Delivery of fluorescently labeled ovalbumin into human ex vivo skin

Next, the delivery of the model antigen/allergen OVA, a 45 kDa bio-macromolecule, into the skin by MN-600 was investigated, which had been the MN patch that was most successful in penetrating the skin. When MN-600 coated with OVA-Alexa 488 was pressed for 1 min onto the skin and left for 1 h, traces of fluorescent OVA was seen at the penetration sites of the needles (Fig. 7A). After a 24 h incubation of the skin, a further release of OVA into epidermis was detected (Fig. 7B), and interactions of OVA and CD1a⁺ DCs were observed (Fig. 7B). An even faster release of OVA into epidermis was achieved by first piercing the skin with non-coated MNs for 1 min and thereafter applying fluorescent labeled OVA onto the treatment site. Here, already after 1 h, an interaction was detected between OVA and CD1a⁺ cells in epidermis (Fig. 7C), and a further spreading (Fig. 7D) and internalization of OVA by CD1a⁺ DCs was seen after 24 h (Fig. 7E). Thus, MN-600 seems to enable the delivery of biomacromolecules into the skin. As a control, only Alexa 488 labeled OVA was applied onto non-pierced skin. Here, no penetration of fluorescence through the stratum corneum was observed, indicating that OVA was not able to cross the skin by itself (Fig. 7F).

Fig. 7 MN-600 enables the delivery of OVA to CD1a⁺ cells in epidermis. CLSM analyses of cryo-sections (20 μm thick) of human ex vivo skin specimens (A) where OVA-Alexa 488 (green) coated MNs with a length of 600 μm had been manually pressed for 1 min onto the skin and then left on the skin for 1 h, and (B) where skin treated as in A was further incubated at 37 °C for 24 h. (C) Skin, onto which non-coated MN-600 had been manually pressed for 1 min, was removed and thereafter a drop of 30 μl containing 30 μg OVA-Alexa 488 (green) had been applied onto the pierced skin for 1 h, and (D) skin treated as in C but which was further incubated at 37 °C for 24 h. (E) Z-scan to show internalization of OVA into a CD1a⁺ cell in the epidermis skin treated as in D. (F) Skin which had only been treated with a drop of 30 μg OVA-Alexa 488 (green) on the surface for 24 h at 37 °C as a control. Narrow arrows indicate the insertion marks of MNs into the skin. Bold arrows indicate CD1a⁺ cells (red) interacting with OVA (green), when overlapped as in D is visible in yellow. Higher magnification images are shown as insets in (B–D). Dashed lines indicate the borderline between epidermis (upper part) and dermis (below). The images shown are representatives of experiments with skin from two different donors.

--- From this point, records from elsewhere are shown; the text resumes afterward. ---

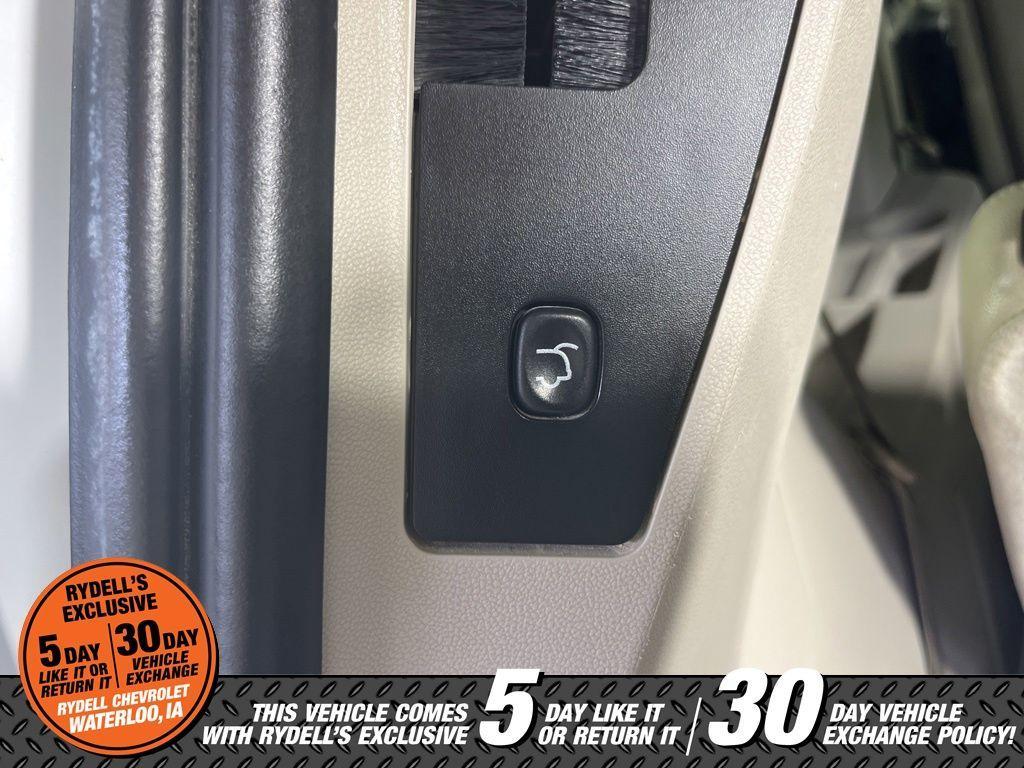 used 2014 Chrysler Town & Country car, priced at $8,991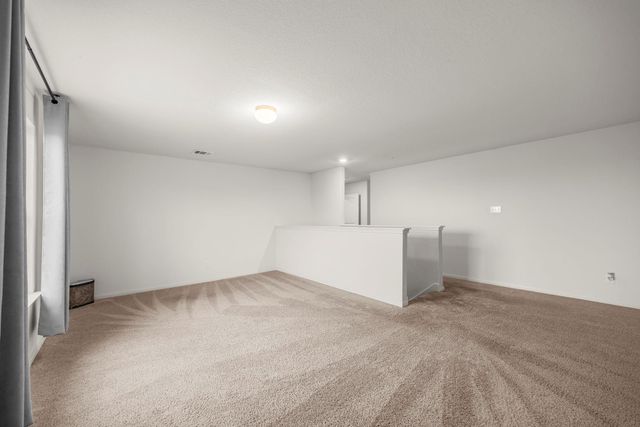 660 Yearwood LN, Jarrell, TX 76537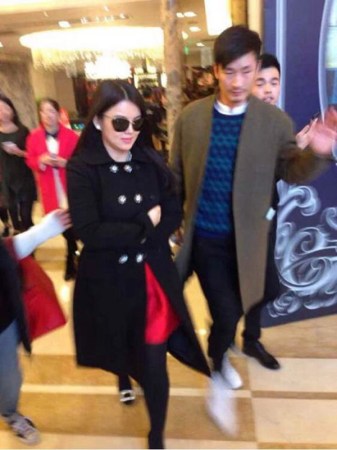 　婚禮現(xiàn)場(chǎng)現(xiàn)多位明星大腕助陣。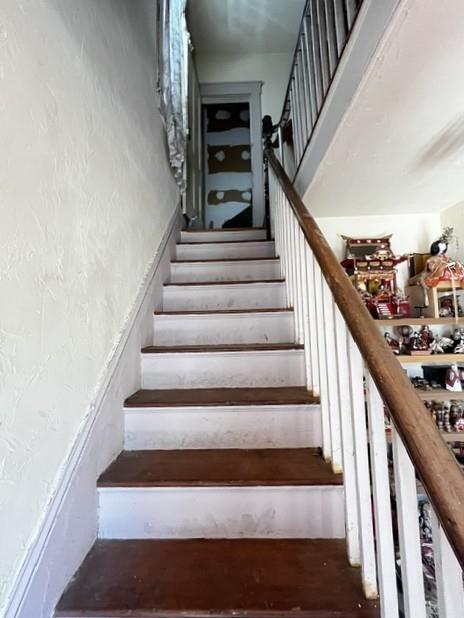 33 Elm Street Property Photo 10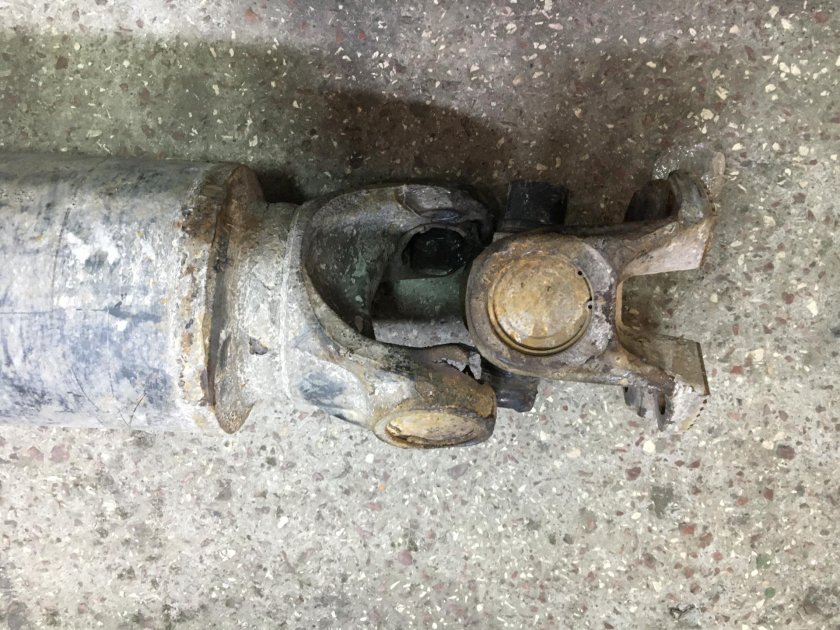 Кардан Рено Дастер 2.0 4х4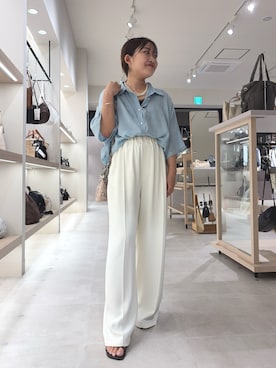 「Jena espace merveilleux(ジェナ エスパスメルヴェイユ)の【抜け感/上品】シアーデニムドルマンシャツ(シャツ/ブラウス、ブルー系)」を使った、おみつさん(レディース・147cm)の夏コーディネート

In vitro release of ovalbumin from MNs

To evaluate the capacity of the MNs to release their cargo, we performed release studies with MN-600 coated with OVA. There was a fast release within 1 h. Approximately 43, 58 and 90 wt% of OVA were released from the MNs after 10 min, 30 min and 1 h in PBS (Fig. 8).

Fig. 8 OVA released from MN-600 in PBS during 1 h at room temperature as measured by thermogravimetric analysis (TGA). Results represent mean ± SD of the fraction of OVA released from the MNs (n = 3 different experiments).

Discussion

In this study, we have improved biodegradable and biocompatible ceramic MNs by increasing the aspect ratio resulting in sharper tips, which were successfully able to penetrate human ex vivo skin and after loading with the bio-macromolecule, OVA, were able to release their cargo to CD1a⁺ DCs residing in the skin.

Both the shape and length of MNs are decisive if they are efficient in crossing the stratum corneum.²⁷ The needles need to have a sharp angle and be designed to cut through the skin easily. The elasticity of the skin hinders the penetration of short (<300 μm) MNs into the skin and often need an applicator for crossing the skin.^9,26 Previous studies also suggest that the length of the MNs influences the antigen-specific immune responses, where 200–300 μm long MNs induce lower responses than 800–1000 μm long needles.^28,29 However, with increasing length, the risk of inducing pain becomes greater.¹⁰ Preliminary, we used ceramic MN patches with needle lengths of 450 and 600 μm and with a tip radius of 5 μm, which successfully had penetrated porcine skin.¹⁷ We found, however, that these MN patches were not able to pierce human ex vivo skin (results not shown), which may be due to the thicker stratum corneum of human skin compared to porcine skin.^23,24 We therefore evaluated two new master moulds, which resulted in MNs with a decreased tip diameter down to 3 μm, and with a needle length of 300 μm or 600 μm to explore if we were able to penetrate into epidermis without the use of an applicator. We here demonstrated that MN-600 was successful and more efficient in penetrating the skin and reaching down to epidermis compared to MN-300 (Fig. 6C). A few needles seemed to be able to even reach below epidermis as shown in Fig. 6E, but which was not observed in the cryo-sections (Fig. 6C and 7A–D), indicating a very shallow penetration into dermis with a low risk of inducing pain.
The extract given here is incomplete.